#### [Exercise directions]
Return the listing exactly. Keep no pictures.

#### [Available data]
..............................
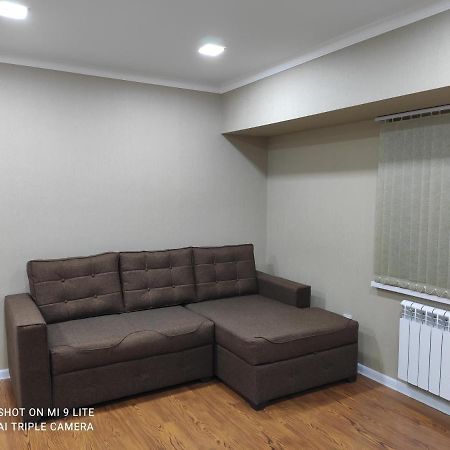 1-Bedroom Apartment In The Very City Center 塔什干 外观 照片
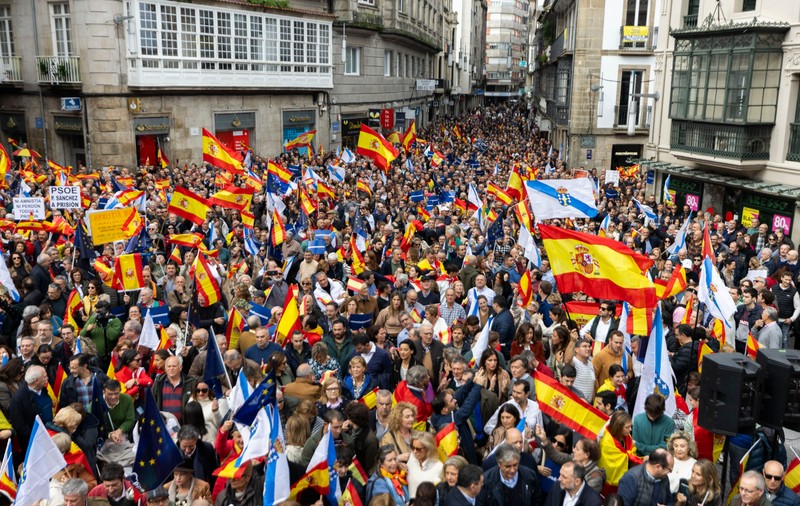 Manifestații de amploare în toată Spania, împotriva planului premierului Sanchez de a-i amnistia pe separatiștii catalani pentru a rămâne la putere. VIDEO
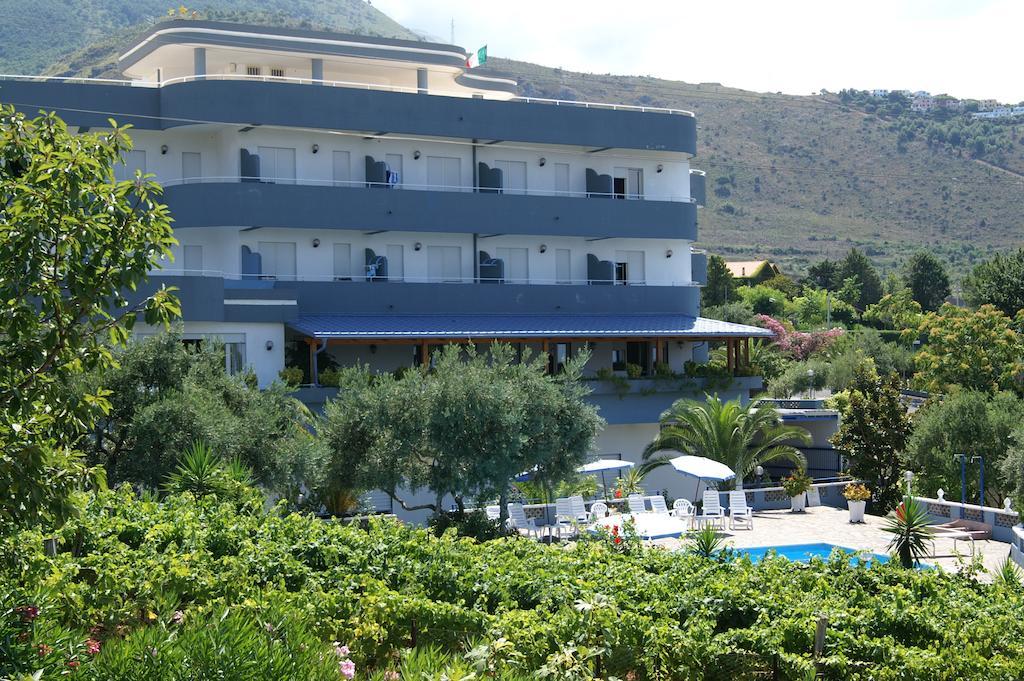 New Hotel Blu Eden Praia a Mare Exterior foto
..............................
#### [Task result]
 1-Bedroom Apartment In The Very City Center 塔什干 外观 照片
 Manifestații de amploare în toată Spania, împotriva planului premierului Sanchez de a-i amnistia pe separatiștii catalani pentru a rămâne la putere. VIDEO
 New Hotel Blu Eden Praia a Mare Exterior foto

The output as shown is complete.